» **Collected data**:
________________________________________
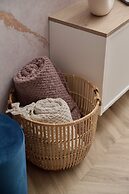 Krakowska Apartment by Renters Prestige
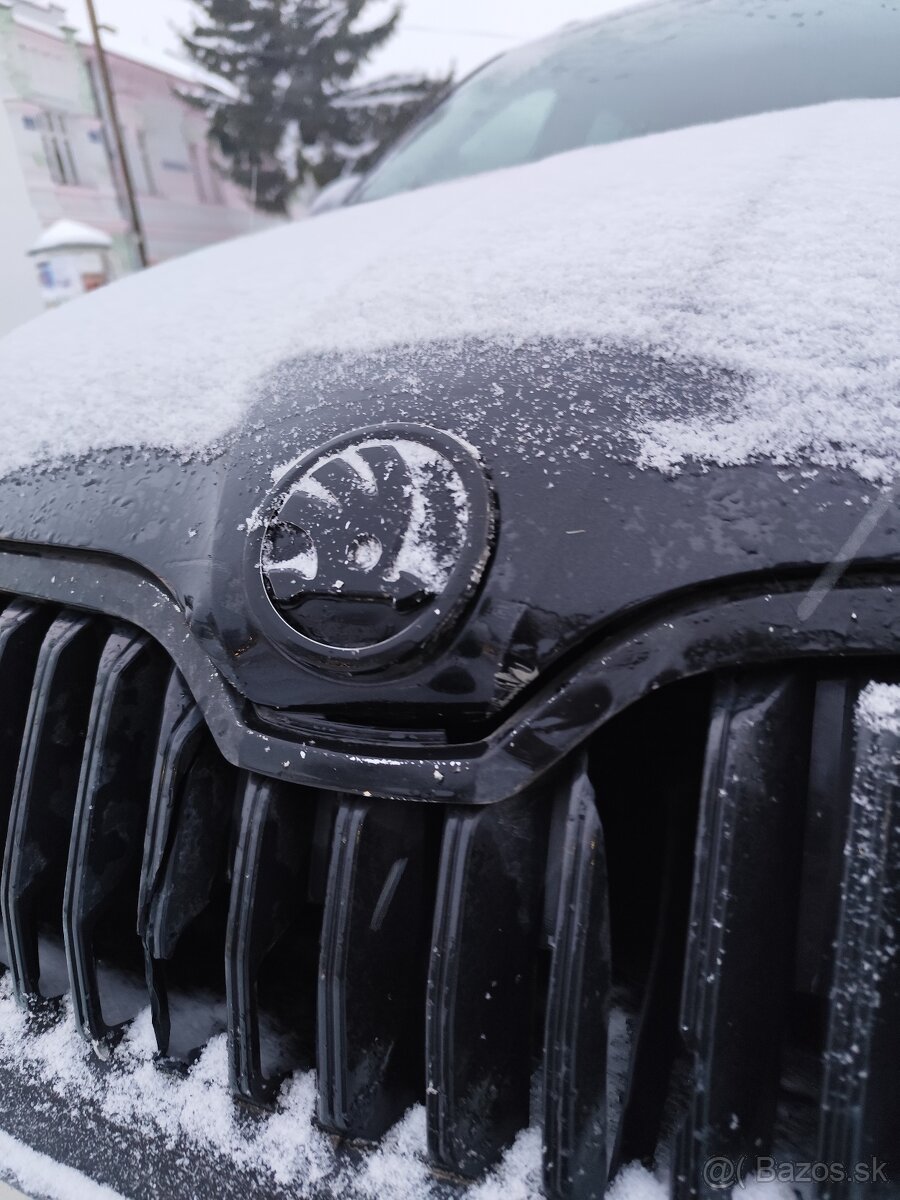 Škoda Octavia 3 Combi predná kapota a nárazník - 5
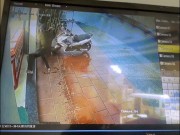 Pháp luật - Nam thanh niên dùng búa xông vào tiệm vàng cướp hàng chục dây chuyền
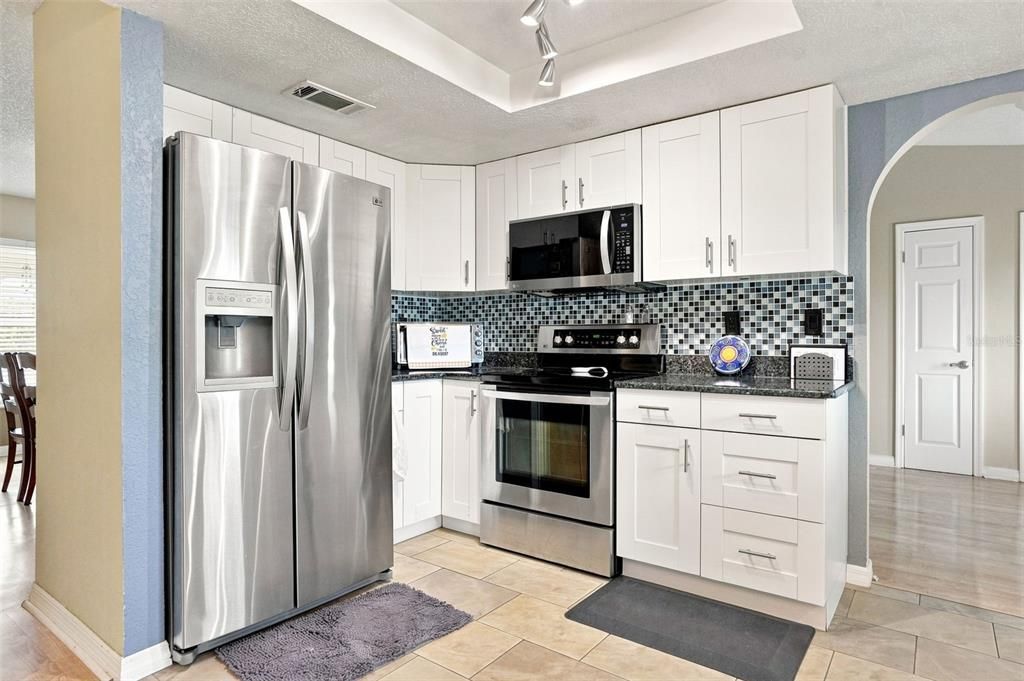 На продажу: $299,999 (2 спален, 2 ванн, 1508 Квадратных фут)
________________________________________
» **Exercise description**: Output all the material exactly. The pictures are to be left out.

» **Answer to the problem**:
 Krakowska Apartment by Renters Prestige
 Škoda Octavia 3 Combi predná kapota a nárazník - 5
 Pháp luật - Nam thanh niên dùng búa xông vào tiệm vàng cướp hàng chục dây chuyền
 На продажу: $299,999 (2 спален, 2 ванн, 1508 Квадратных фут)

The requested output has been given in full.